The Cowboys won 104-103 in double overtime in of the most bizarre games in Wolf Pack history.

The Wolf Pack scored 103 points and lost. It was the first time since a 110-104 loss to BYU in Las Vegas on Dec. 22, 2009 that the Pack had scored 100 in a game and lost and just the sixth time that happened in school history.

Caleb Martin, the player who has taken the most shots and scored the most points for the Wolf Pack this season, scored 12 points on eight shots in 19 first-half minutes and then proceeded to take just three shots and score just seven points over his next 30 minutes the rest of the game. Lindsey Drew and Kendall Stephens both fouled out and played a combined 46 minutes, the same amount of time as Cody Martin played off the bench by himself.

Stephens had made at least two 3-pointers in his last 15 games going into the Wyoming game. Against the Cowboys he was 0-3 from beyond the arc and had more fouls (five) than points (four). The Pack converted its first 23 free throws against Wyoming and then missed eight of its last 15 with the game on the line late in the second half and in overtime.

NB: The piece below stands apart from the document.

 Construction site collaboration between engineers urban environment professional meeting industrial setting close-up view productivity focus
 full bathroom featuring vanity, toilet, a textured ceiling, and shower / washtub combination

Wyoming's leading scorer Justin James (33 points) only played four of the 10 minutes in overtime and the Cowboys still won. Wyoming missed 23 of its 31 3-pointers and still won. In the previous 19 games in the Nevada-Wyoming rivalry, which began in 1937, no team had ever scored as many as 90 points in a game.

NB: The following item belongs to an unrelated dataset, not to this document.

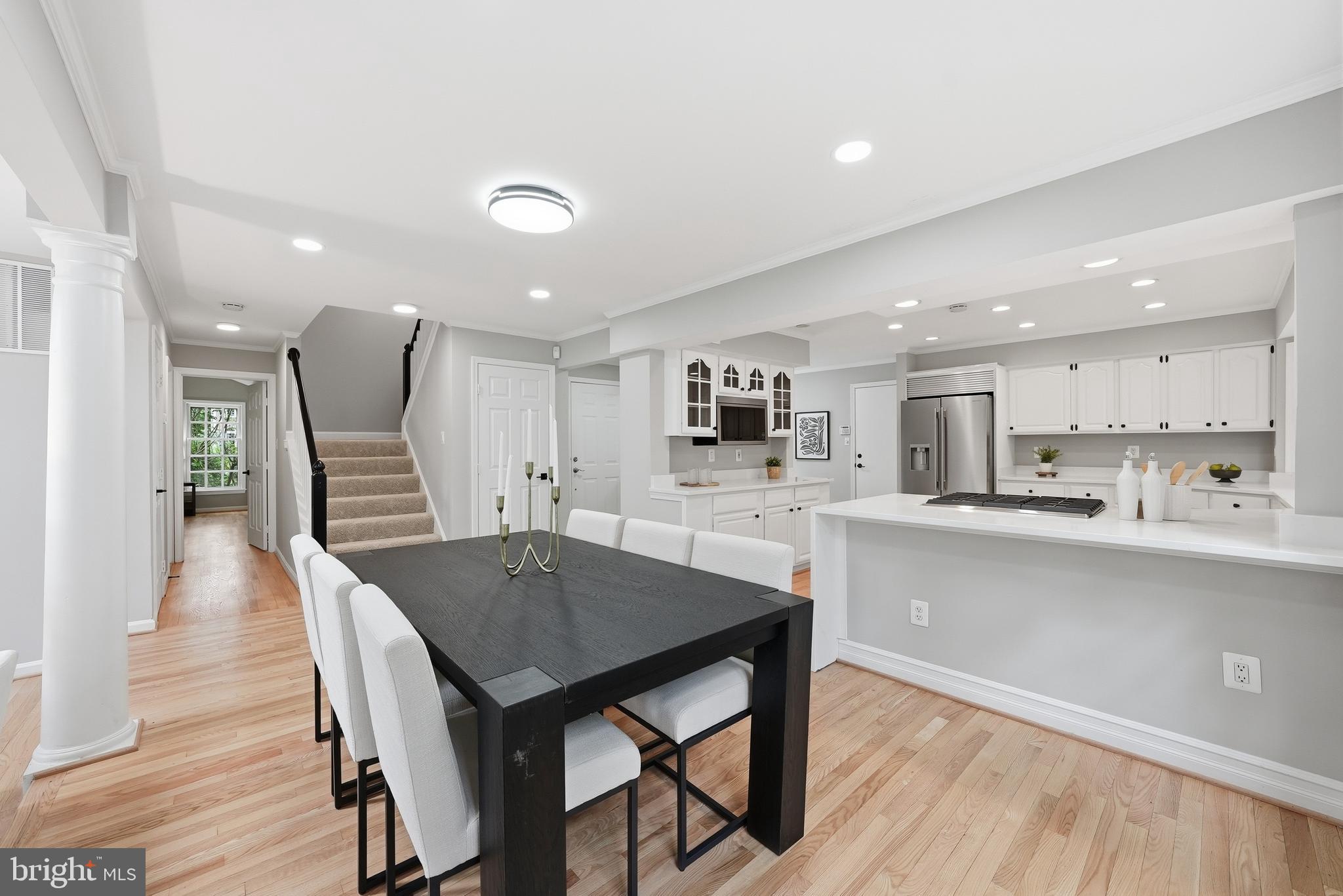 1291 Lamplighter Way Reston, VA 20194 - Photo 25 of 60 a kitchen with stainless steel appliances kitchen island granite countertop a table chairs sink and cabinets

Bizarre, indeed. But bizarre is how the college basketball gods send down messages to unsuspecting teams. But that's just it. The Wolf Pack, they insisted after the win over Boise, was ready for the college basketball gods.

"We're trying to stay at the top," Wolf Pack junior Jordan Caroline said after the 74-68 victory over Boise on Jan. 20. "Every game is tough. We're trying to rise to the challenge every game. We don't look down at anybody. We think everybody is a tough opponent."

"We have to use this game (against Boise) to fuel us and not take a step backward the next game (at Wyoming)," Stephens said.

The strangest thing to come out of the Wyoming game for the Pack, though, didn't take place on the court last week. It took place in the days of preparation before the game. An opposing coach might have finally proven to be the equal of Musselman, at least for one night. No, we're not saying Musselman was out-coached by Wyoming's Allen Edwards. All we're saying is that an opposing coach went out and performed a pretty darn good Musselman impression.

"We just said, 'Let's make them play defense,'" Edwards said after the game.

Sound familiar, Pack fans. The Pack, which values 200 or more passes every game, tries to make every team it plays have to play defense.

Edwards wanted the entire Wolf Pack team to play defense but one player in particular was on his radar. "We (Wyoming's offense) attacked him on defense," Edwards said, "to where he got in foul trouble and eventually fouled out (playing just 17 minutes)."

That strategy, Edwards said, was done out of respect for Stephens.

"He is kind of the silent assassin for that team that nobody talks about," Edwards said. "It's (the talk) always (about) No. 10 (Caleb Martin) and then Jordan Caroline and then the other Martin (Cody). (The talk about) Stephens is like, 'Yeah he shoots the ball (well).' But I think he's very dangerous."

Edwards also watched tape of the Pack-Boise game and learned something. "Boise played a lot of zone, especially in the first half against them," Edwards said. "The reason for us playing zone was to kind of take away the one-on-one basketball play."

That might explain Caleb Martin taking just three shots after halftime.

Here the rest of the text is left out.